--- START ---

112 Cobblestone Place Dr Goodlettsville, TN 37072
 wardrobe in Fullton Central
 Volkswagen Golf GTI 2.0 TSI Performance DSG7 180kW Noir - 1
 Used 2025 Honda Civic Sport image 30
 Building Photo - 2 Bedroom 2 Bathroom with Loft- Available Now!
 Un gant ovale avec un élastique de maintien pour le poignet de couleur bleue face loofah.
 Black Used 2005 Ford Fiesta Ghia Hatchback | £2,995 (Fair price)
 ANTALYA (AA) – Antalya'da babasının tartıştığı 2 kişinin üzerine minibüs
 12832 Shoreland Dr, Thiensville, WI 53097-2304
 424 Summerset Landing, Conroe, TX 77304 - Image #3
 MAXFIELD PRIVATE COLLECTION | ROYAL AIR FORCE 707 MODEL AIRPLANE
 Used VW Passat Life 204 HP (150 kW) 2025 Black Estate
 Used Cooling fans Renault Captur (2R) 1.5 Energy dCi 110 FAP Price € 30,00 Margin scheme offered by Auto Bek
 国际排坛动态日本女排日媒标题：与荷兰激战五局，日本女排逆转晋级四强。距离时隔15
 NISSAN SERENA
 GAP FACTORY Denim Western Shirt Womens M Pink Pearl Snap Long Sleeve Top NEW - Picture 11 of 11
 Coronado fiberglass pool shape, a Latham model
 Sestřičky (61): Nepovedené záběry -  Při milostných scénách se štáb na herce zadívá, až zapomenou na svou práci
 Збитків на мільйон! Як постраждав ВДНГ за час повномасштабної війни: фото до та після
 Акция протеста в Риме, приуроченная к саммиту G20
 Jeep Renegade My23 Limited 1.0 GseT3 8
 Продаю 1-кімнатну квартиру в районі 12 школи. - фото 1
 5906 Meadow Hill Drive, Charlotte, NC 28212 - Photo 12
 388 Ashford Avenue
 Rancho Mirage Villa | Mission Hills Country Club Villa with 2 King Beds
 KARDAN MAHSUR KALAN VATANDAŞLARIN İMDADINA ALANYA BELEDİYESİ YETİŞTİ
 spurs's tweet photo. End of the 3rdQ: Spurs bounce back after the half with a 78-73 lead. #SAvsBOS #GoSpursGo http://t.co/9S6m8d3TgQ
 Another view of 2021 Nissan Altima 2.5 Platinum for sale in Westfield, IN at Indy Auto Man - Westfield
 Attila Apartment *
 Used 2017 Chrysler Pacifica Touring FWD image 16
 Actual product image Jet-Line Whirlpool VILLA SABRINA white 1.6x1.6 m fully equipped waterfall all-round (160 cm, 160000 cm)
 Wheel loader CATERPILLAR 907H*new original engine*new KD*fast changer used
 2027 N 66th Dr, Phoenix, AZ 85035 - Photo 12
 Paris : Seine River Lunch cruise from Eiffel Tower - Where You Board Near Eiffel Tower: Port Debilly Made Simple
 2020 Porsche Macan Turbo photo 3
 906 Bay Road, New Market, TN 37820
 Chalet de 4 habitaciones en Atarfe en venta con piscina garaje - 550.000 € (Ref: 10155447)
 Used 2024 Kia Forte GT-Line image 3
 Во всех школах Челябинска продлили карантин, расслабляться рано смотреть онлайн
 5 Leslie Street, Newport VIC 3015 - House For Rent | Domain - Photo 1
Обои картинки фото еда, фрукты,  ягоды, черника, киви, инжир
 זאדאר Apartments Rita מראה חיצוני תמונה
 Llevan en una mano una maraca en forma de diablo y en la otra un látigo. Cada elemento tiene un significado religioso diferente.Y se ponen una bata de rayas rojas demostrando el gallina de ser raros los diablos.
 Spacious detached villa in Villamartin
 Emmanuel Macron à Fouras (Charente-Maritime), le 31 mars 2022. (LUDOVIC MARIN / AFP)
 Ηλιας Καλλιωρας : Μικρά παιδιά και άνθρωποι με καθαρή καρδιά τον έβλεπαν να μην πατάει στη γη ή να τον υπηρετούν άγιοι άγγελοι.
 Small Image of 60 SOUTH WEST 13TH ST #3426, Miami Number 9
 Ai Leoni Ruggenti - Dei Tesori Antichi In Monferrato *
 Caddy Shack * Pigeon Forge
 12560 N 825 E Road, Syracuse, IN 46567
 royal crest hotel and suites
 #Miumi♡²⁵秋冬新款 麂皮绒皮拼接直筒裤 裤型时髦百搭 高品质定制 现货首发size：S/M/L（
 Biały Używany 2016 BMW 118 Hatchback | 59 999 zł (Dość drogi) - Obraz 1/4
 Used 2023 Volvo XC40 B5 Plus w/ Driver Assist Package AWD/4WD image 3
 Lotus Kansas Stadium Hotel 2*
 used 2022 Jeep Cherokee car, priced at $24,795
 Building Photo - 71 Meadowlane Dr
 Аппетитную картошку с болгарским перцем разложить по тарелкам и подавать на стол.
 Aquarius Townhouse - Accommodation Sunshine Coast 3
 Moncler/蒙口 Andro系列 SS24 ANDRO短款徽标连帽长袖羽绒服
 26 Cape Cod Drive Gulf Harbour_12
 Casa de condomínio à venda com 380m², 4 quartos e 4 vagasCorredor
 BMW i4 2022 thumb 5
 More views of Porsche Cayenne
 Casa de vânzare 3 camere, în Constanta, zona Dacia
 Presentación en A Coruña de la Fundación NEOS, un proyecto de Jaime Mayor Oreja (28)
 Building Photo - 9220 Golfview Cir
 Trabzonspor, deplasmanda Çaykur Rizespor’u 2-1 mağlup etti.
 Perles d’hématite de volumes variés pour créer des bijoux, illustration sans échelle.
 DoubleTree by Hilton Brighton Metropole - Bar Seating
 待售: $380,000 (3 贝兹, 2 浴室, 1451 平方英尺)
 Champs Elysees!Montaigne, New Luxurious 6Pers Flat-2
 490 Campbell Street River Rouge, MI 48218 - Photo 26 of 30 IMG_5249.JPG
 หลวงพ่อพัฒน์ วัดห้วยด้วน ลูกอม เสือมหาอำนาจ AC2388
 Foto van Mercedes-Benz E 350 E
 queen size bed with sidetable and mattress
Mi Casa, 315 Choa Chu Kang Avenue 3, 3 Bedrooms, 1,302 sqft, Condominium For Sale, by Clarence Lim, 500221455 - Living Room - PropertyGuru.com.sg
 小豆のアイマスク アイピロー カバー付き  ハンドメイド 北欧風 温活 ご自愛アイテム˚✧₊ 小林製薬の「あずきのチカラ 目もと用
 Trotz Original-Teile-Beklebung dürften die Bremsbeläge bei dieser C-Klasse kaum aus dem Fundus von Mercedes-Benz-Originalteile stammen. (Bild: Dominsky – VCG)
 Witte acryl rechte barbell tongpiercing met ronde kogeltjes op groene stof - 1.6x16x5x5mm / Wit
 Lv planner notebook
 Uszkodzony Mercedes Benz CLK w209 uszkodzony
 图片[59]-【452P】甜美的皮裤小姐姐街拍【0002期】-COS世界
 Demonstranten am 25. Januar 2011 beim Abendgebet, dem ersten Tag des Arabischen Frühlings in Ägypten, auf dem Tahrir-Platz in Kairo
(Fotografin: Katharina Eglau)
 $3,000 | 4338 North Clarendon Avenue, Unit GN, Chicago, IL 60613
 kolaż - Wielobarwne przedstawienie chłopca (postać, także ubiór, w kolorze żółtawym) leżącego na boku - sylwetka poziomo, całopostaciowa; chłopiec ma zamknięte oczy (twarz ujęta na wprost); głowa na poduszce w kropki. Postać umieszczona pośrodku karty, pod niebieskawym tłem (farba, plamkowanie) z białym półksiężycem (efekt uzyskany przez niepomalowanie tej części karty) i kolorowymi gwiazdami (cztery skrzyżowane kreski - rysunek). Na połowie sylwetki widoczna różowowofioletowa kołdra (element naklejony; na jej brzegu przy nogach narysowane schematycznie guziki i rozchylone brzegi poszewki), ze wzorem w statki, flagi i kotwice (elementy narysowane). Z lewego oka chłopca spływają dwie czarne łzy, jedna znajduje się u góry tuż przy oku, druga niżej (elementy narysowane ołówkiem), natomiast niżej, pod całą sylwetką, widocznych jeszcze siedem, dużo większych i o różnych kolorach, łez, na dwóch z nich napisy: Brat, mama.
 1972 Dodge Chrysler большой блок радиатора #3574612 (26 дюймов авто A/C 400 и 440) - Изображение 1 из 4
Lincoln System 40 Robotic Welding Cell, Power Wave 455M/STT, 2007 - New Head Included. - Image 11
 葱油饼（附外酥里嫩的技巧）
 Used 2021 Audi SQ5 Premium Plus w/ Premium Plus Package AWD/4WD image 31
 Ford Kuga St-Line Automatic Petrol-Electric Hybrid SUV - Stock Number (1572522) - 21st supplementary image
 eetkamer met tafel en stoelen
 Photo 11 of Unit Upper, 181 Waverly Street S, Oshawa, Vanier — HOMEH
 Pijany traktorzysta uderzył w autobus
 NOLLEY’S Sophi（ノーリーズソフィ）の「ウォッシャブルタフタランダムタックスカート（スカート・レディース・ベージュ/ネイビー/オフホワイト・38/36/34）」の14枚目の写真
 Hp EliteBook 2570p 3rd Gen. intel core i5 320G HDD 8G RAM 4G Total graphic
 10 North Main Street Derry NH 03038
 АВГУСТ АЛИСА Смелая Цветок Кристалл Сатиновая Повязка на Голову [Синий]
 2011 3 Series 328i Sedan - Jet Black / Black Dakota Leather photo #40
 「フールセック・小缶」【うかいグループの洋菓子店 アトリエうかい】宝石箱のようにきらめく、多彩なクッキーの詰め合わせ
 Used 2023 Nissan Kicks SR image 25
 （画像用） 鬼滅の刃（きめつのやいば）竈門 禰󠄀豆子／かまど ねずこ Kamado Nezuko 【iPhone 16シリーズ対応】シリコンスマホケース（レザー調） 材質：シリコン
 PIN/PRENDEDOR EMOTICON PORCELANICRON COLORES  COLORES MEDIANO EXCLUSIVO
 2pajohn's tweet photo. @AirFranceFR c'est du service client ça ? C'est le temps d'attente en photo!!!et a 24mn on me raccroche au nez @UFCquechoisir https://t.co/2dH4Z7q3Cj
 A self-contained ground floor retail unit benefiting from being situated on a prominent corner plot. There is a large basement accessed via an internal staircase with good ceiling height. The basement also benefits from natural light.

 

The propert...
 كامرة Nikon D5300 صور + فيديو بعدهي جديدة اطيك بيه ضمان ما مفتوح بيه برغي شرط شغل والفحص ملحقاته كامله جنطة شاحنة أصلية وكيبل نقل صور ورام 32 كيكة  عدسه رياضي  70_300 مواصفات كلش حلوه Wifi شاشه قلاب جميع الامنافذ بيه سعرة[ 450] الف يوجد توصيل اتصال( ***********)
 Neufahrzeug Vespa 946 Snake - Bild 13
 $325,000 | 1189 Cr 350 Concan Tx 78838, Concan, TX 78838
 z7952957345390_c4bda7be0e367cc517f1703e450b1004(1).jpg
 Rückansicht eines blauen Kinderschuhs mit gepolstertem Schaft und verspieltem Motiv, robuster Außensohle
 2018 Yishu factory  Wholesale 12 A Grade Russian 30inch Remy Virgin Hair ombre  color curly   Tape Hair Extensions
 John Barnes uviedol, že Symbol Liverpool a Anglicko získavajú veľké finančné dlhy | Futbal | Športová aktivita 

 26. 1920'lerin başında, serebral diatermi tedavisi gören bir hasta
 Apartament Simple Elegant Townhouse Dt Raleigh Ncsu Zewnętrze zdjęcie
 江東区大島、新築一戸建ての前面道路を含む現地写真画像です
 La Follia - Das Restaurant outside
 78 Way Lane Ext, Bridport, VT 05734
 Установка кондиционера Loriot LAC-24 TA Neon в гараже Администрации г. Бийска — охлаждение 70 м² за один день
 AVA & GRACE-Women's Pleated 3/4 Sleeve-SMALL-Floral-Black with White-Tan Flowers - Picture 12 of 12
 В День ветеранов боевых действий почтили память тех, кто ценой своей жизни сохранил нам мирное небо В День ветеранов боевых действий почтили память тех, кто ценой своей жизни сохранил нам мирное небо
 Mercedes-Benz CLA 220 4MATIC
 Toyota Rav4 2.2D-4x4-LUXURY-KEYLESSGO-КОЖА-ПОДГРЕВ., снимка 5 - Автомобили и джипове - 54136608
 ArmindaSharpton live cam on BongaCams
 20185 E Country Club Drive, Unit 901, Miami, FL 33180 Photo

--- END ---

- [WORK INSTRUCTION]
Reproduce only the lines above spanning from the line containing "Jeep Renegade My23 Limited 1.0 GseT3 8" through the line containing "906 Bay Road, New Market, TN 37820", word for word.

- [YOUR SOLUTION]
 Jeep Renegade My23 Limited 1.0 GseT3 8
 Продаю 1-кімнатну квартиру в районі 12 школи. - фото 1
 5906 Meadow Hill Drive, Charlotte, NC 28212 - Photo 12
 388 Ashford Avenue
 Rancho Mirage Villa | Mission Hills Country Club Villa with 2 King Beds
 KARDAN MAHSUR KALAN VATANDAŞLARIN İMDADINA ALANYA BELEDİYESİ YETİŞTİ
 spurs's tweet photo. End of the 3rdQ: Spurs bounce back after the half with a 78-73 lead. #SAvsBOS #GoSpursGo http://t.co/9S6m8d3TgQ
 Another view of 2021 Nissan Altima 2.5 Platinum for sale in Westfield, IN at Indy Auto Man - Westfield
 Attila Apartment *
 Used 2017 Chrysler Pacifica Touring FWD image 16
 Actual product image Jet-Line Whirlpool VILLA SABRINA white 1.6x1.6 m fully equipped waterfall all-round (160 cm, 160000 cm)
 Wheel loader CATERPILLAR 907H*new original engine*new KD*fast changer used
 2027 N 66th Dr, Phoenix, AZ 85035 - Photo 12
 Paris : Seine River Lunch cruise from Eiffel Tower - Where You Board Near Eiffel Tower: Port Debilly Made Simple
 2020 Porsche Macan Turbo photo 3
 906 Bay Road, New Market, TN 37820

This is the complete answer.